Nicki: 1) She’s a fighter — she’s been knocked down by life, whether it was by being diagnosed with breast cancer twice, the loss of both her parents, or, by far the hardest hit of all, losing her son. 2) She’s driven — she was unstoppable in her Air Force career, always aiming high and proving her worth. She worked hard, going above and beyond the call of duty for 39 years. 3) She makes friends with ease — she has always been so warm and friendly to anyone she meets, and I’ve always been in awe of how easily it comes to her.


Laurie and Nicki Turner and children


What Bryan would say today about how you’ve blended your families:

Laurie: The first thing he'd say is "I wish I was there." Bryan would be thrilled that we get to spend so much time with Nicki and the girls. And Bryan would be incredibly proud of Nicki and all of her accomplishments.

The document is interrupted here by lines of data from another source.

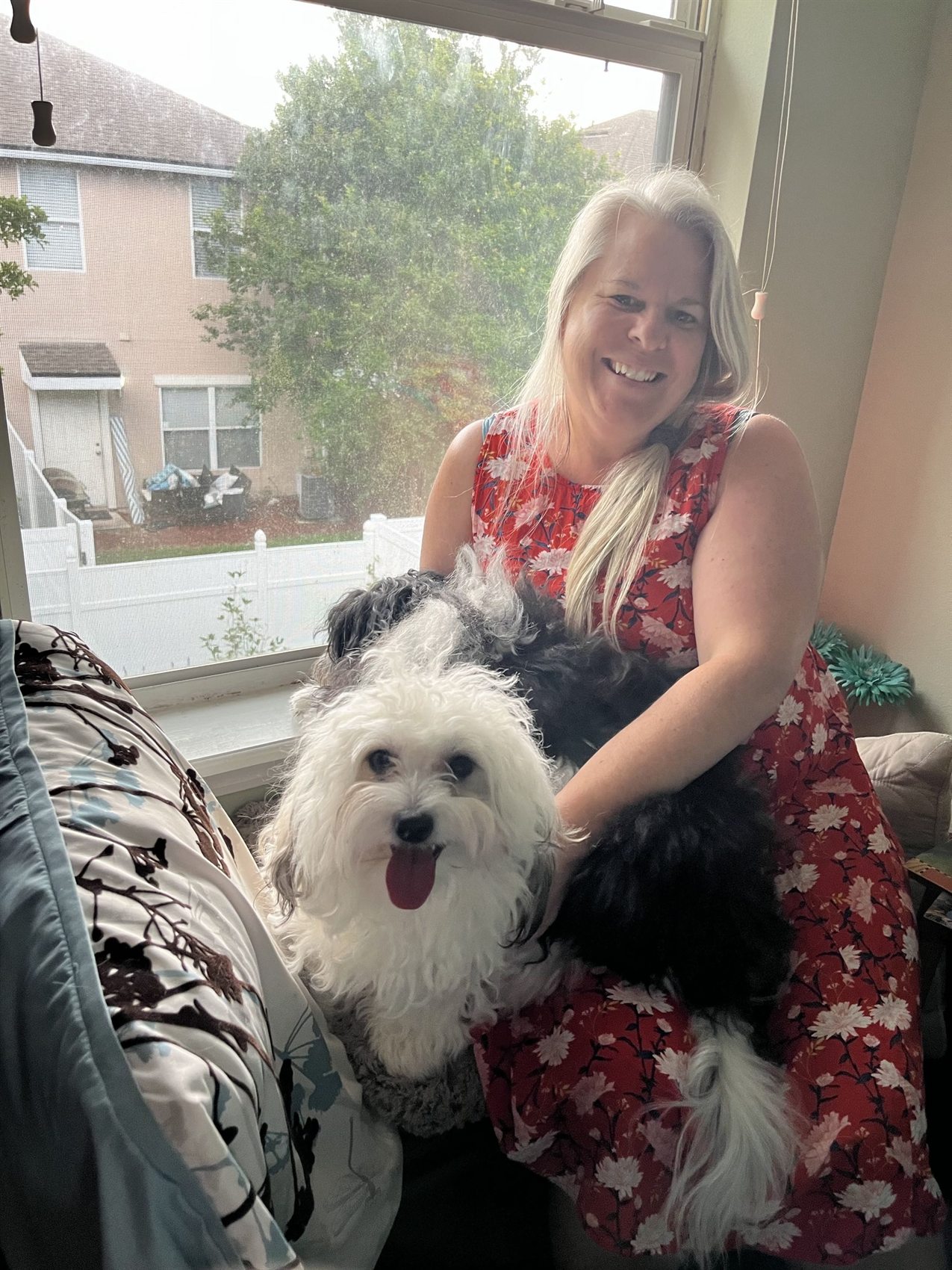 Mom smiling with Auggie and Remi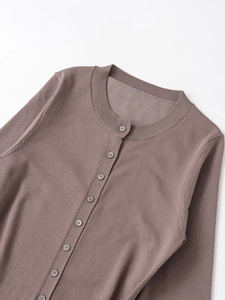 Dettaglio del cardigan in maglia marrone con scollo rotondo e bottoni in tinta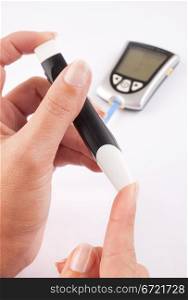 Diabetic woman pricking her finger for a blood test with a glucometer in the background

Nicki: I know he would be proud of how we’ve continued to blend both sides of our families since he’s been gone. We enjoy celebrating birthdays and holidays together and just being in each other’s company. We are bonded by our mutual love for Bryan and both sides of our families love and adore our children who are, in essence, the last remnants of him on this Earth.


Advice to those who may be struggling with their relationship with their in-laws after the loss of someone they both love:

Laurie: You must put yourself in the in-laws’ shoes and always think before speaking to build a trusting relationship. If not for yourself, for the children, if there are any. The sweetest thing I heard at the TAPS Charleston Moms' retreat was one mother say that her daughter-in-law invited her to her wedding because she always thought of her as her mother as well. Also, be the bigger person, put the children first and be there for the other during the difficult journey. Always look at the positive and don't dwell on the negative. We all have issues, but we can try and focus on how to walk through the journey together making our love ones proud. 

Nicki: Remember that you are both mourning the same person, regardless of your connection to them. While our type of grieving may be different, the loss is still the same. If you had not established a particularly close relationship before your loved one passed, it is never too late to start, but keep in mind it does require work from both sides to make it work. If you have children, I know you cling to them because they are the only connection you have left between you and your spouse. But remember, your children are also the only tie your in-laws have to their child as well. They need them in their lives just as much as you do. If your in-laws provide a safe and loving environment, I encourage you to allow your children to be a part of their lives. After all, it takes a village to raise a family and I, for one, am so grateful to have my in-laws be a part of mine.